(Task instructions): Could you print the stretch of lines below from the one with "The Kern Lodge - Kernville - Living room" through the one with "Used 2023 Mercedes-Benz", exactly as they stand and without any pictures?

───── Information ─────

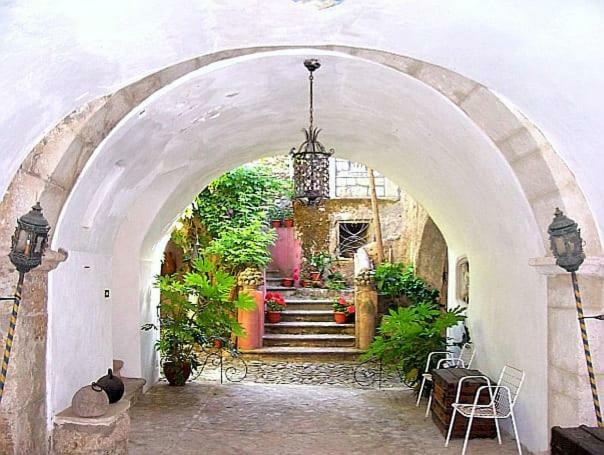 Hotel Palazzo Caracciolo à Gerace Extérieur photo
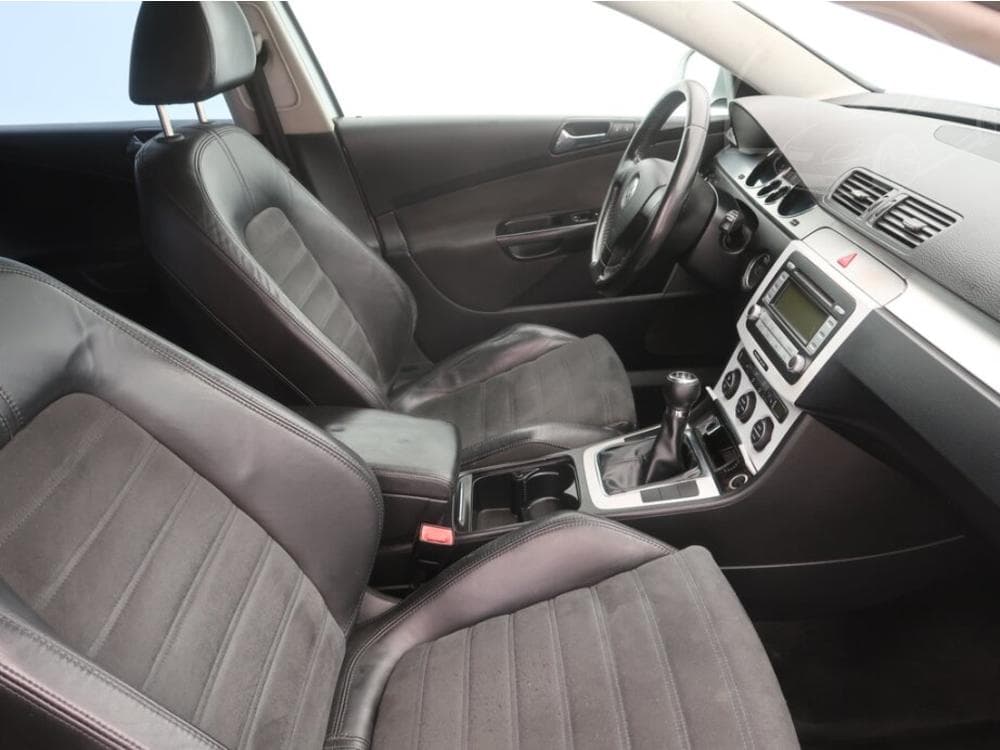 2007 Volkswagen PASSAT - 9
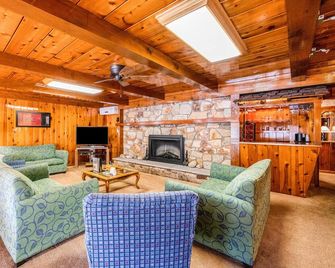 The Kern Lodge - Kernville - Living room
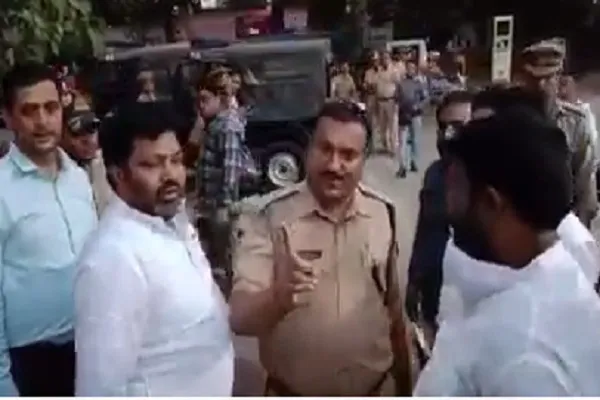 मुरादाबाद : उपद्रवियों की पैरवी करने पुलिस लाइन पहुंचे कमाल अख्तर, सीओ बोले- तुरंत बाहर जाइए वरना…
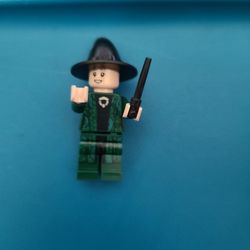 LEGO Harry Potter Professor McGonagall 

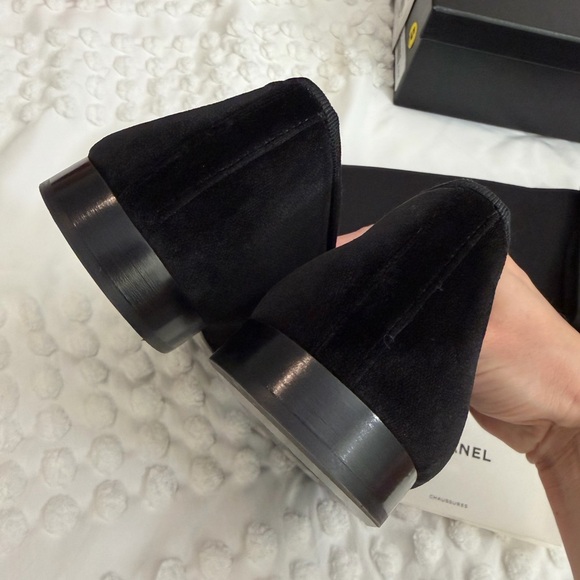 CHANEL HOLIDAY VELVET BALLET FLATS BLACK 38 BNIB - Picture 6 of 10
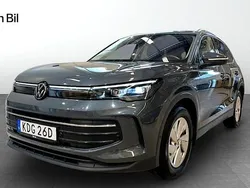 Grå (dolphin grey metallic) Begagnad 2024 VW Tiguan Life SUV | 359 900 kr (Marknadspris)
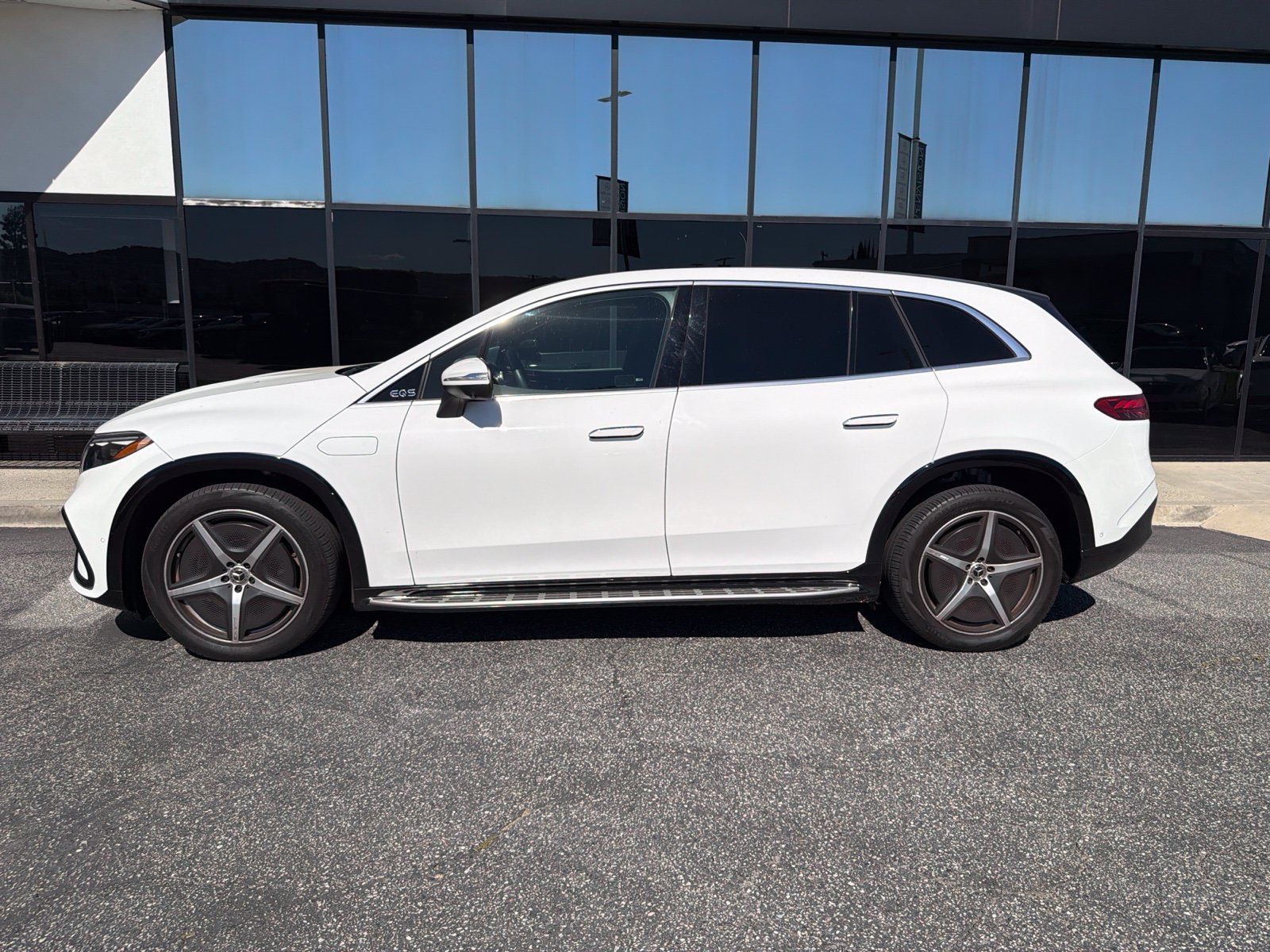 Used 2023 Mercedes-Benz EQS 580 4MATIC SUV image 3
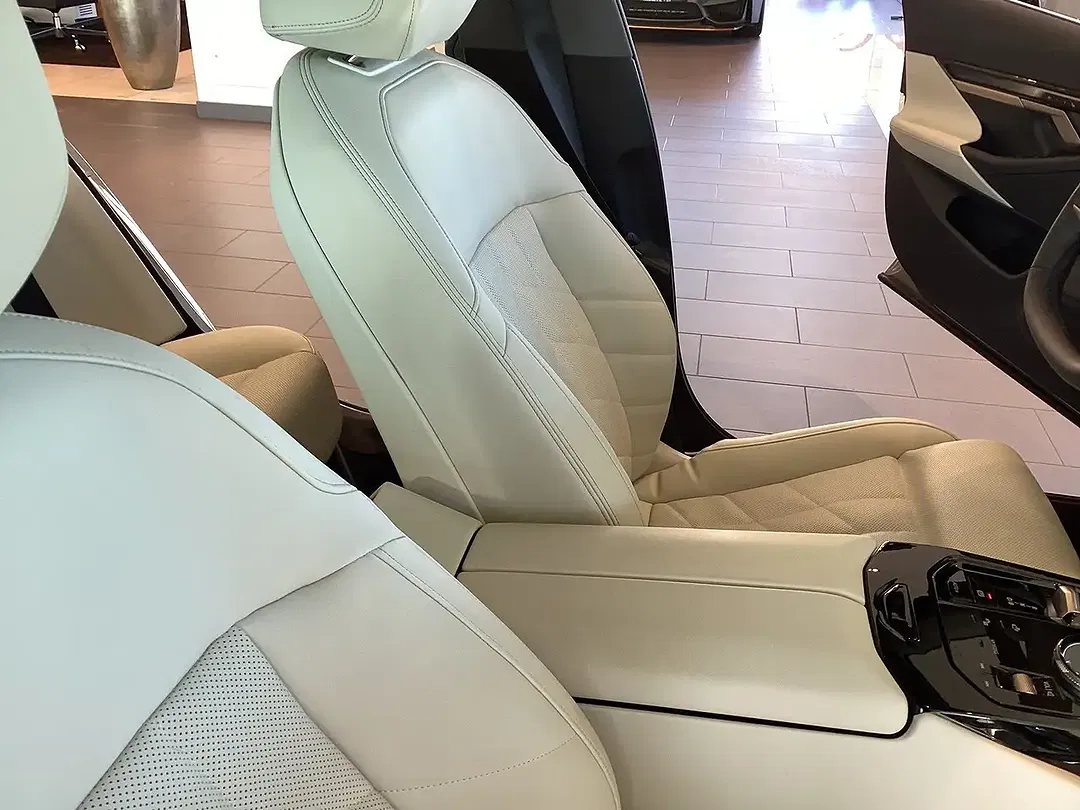 BMW i5 eDrive - Thumbnail 7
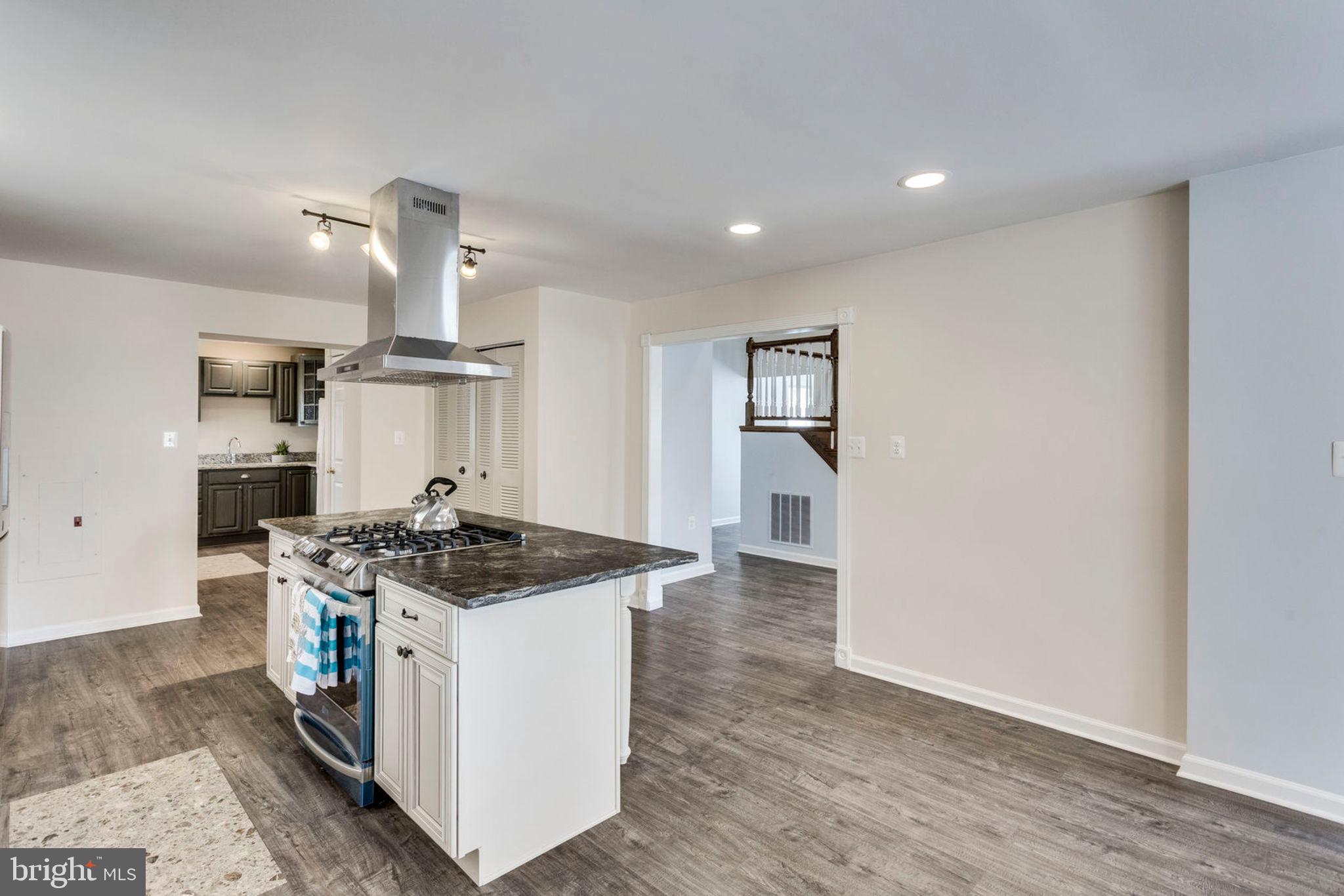 FORT WASHINGTON - Residential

─────

(Exercise output):
 The Kern Lodge - Kernville - Living room
 मुरादाबाद : उपद्रवियों की पैरवी करने पुलिस लाइन पहुंचे कमाल अख्तर, सीओ बोले- तुरंत बाहर जाइए वरना…
 LEGO Harry Potter Professor McGonagall 

 CHANEL HOLIDAY VELVET BALLET FLATS BLACK 38 BNIB - Picture 6 of 10
 Grå (dolphin grey metallic) Begagnad 2024 VW Tiguan Life SUV | 359 900 kr (Marknadspris)
 Used 2023 Mercedes-Benz EQS 580 4MATIC SUV image 3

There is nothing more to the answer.